Start of Data supplied

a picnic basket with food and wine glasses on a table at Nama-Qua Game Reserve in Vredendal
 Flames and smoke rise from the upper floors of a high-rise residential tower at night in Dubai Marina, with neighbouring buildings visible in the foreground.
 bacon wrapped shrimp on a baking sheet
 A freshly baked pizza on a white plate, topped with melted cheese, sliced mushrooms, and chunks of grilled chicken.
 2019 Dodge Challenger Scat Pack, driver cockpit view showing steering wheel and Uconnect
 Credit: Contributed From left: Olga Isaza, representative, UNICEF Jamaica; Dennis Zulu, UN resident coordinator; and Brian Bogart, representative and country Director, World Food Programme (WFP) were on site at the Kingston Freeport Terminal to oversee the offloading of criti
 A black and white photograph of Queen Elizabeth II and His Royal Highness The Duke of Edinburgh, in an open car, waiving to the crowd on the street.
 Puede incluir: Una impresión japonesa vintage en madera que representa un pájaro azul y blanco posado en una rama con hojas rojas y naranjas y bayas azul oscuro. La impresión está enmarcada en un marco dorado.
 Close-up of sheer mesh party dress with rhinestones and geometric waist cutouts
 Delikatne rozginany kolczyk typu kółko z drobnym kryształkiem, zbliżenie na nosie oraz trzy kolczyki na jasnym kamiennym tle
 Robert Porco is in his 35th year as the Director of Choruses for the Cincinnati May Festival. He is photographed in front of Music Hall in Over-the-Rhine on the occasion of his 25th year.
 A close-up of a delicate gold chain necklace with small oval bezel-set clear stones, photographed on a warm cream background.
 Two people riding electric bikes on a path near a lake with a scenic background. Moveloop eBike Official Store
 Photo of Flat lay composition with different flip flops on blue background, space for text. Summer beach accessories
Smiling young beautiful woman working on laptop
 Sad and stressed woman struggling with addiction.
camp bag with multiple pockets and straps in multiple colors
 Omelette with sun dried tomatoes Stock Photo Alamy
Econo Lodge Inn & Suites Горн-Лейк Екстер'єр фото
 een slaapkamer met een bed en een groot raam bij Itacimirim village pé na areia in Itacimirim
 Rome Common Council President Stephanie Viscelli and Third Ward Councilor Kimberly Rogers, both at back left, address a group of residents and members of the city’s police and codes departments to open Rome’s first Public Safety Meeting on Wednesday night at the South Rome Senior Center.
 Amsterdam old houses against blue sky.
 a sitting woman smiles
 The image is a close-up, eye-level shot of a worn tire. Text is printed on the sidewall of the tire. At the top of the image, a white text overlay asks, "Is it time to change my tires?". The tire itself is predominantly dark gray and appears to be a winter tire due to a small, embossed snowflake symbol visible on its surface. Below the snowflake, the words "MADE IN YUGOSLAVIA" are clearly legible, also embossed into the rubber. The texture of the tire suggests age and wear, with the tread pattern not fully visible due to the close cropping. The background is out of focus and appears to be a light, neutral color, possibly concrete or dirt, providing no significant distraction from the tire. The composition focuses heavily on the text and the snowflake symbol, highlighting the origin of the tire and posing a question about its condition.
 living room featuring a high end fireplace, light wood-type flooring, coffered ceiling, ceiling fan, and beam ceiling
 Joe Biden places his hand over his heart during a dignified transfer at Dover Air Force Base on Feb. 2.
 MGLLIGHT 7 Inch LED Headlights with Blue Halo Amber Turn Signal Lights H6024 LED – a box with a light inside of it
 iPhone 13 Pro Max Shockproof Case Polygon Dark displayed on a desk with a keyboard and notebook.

End of Data supplied

### Task description
Output the lines above exactly, but only those between the line holding "Two people riding" and the line holding "een slaapkamer met", inclusive.

### Solved problem
 Two people riding electric bikes on a path near a lake with a scenic background. Moveloop eBike Official Store
 Photo of Flat lay composition with different flip flops on blue background, space for text. Summer beach accessories
Smiling young beautiful woman working on laptop
 Sad and stressed woman struggling with addiction.
camp bag with multiple pockets and straps in multiple colors
 Omelette with sun dried tomatoes Stock Photo Alamy
Econo Lodge Inn & Suites Горн-Лейк Екстер'єр фото
 een slaapkamer met een bed en een groot raam bij Itacimirim village pé na areia in Itacimirim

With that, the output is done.